_THE TASK_.
Restate every record exactly as it is written, while omitting the pictures it holds.
________________
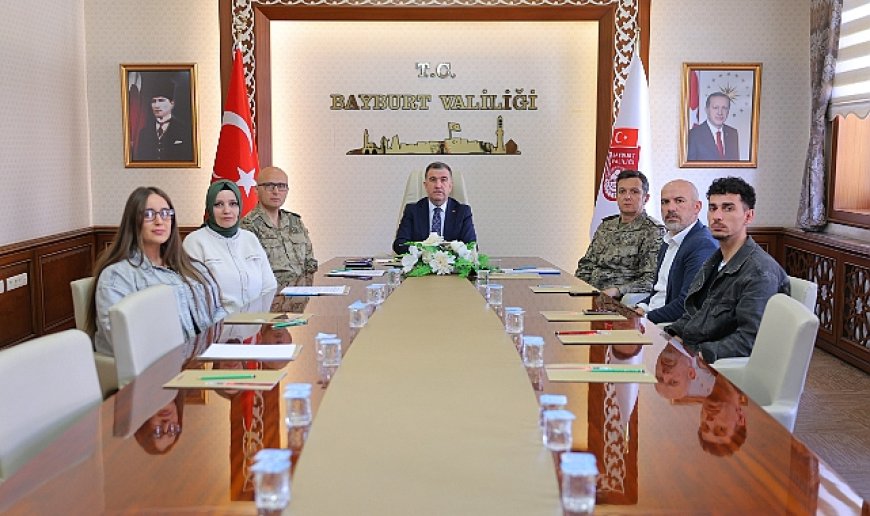 Vali Eldivan; "En güzel şekilde hizmet etmeyi sürdüreceğiz"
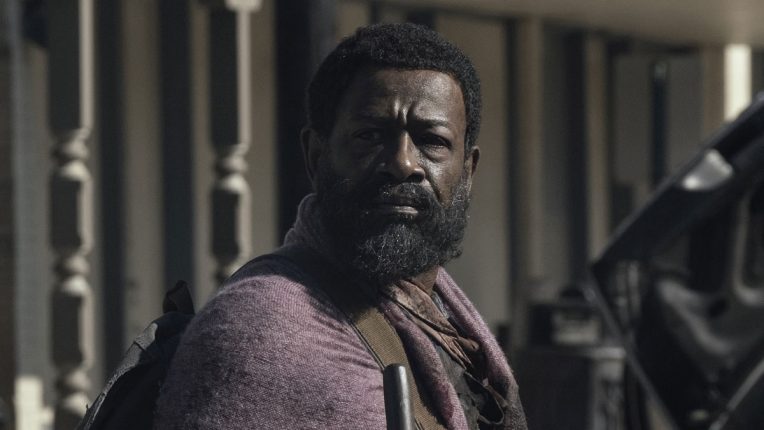 Lennie James On Fear Walking Dead Ending And Save Me 3 Bt Tv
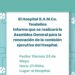 TEODELINA: SE REALIZARÁ LA ASAMBLEA PARA RENOVAR LA COMISION EJECUTIVA DEL HOSPITAL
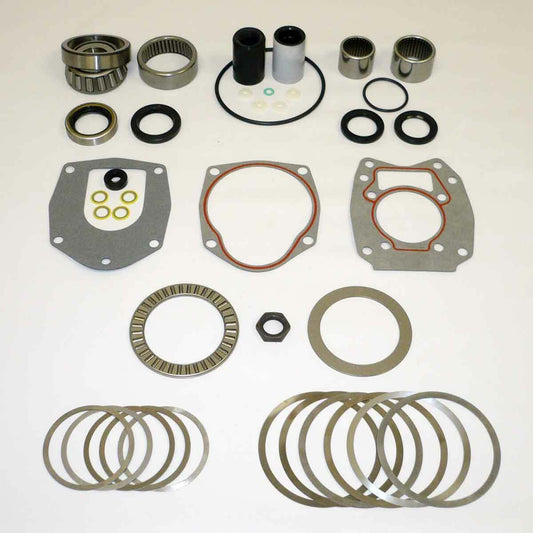 GLM MERCURY 75-115 HP 4-STROKE BEARING & SEAL KIT '00-'04 - 11830, 31-803496T 1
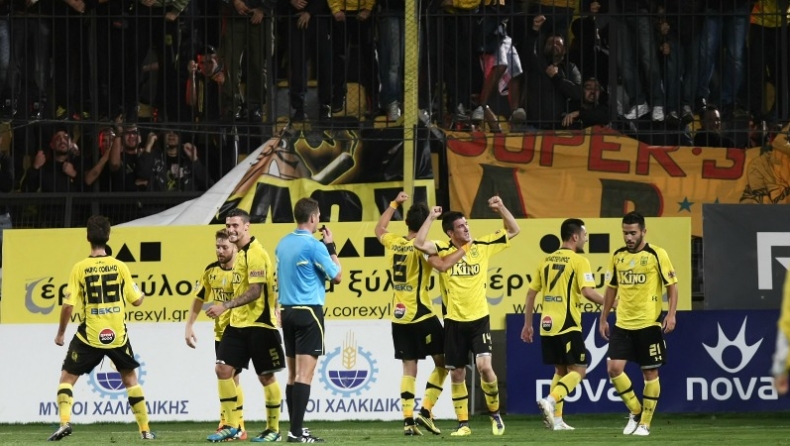 «Θυμίσαμε παλιό Άρη»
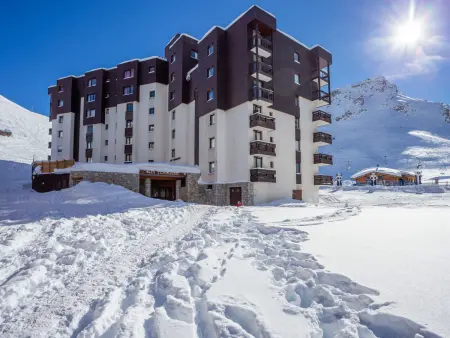 Les Tommeuses, Appartement 2 personnes à Tignes - Photo 13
________________
_RESPONSE BELOW_.
 Vali Eldivan; "En güzel şekilde hizmet etmeyi sürdüreceğiz"
 Lennie James On Fear Walking Dead Ending And Save Me 3 Bt Tv
 TEODELINA: SE REALIZARÁ LA ASAMBLEA PARA RENOVAR LA COMISION EJECUTIVA DEL HOSPITAL
 GLM MERCURY 75-115 HP 4-STROKE BEARING & SEAL KIT '00-'04 - 11830, 31-803496T 1
 «Θυμίσαμε παλιό Άρη»
 Les Tommeuses, Appartement 2 personnes à Tignes - Photo 13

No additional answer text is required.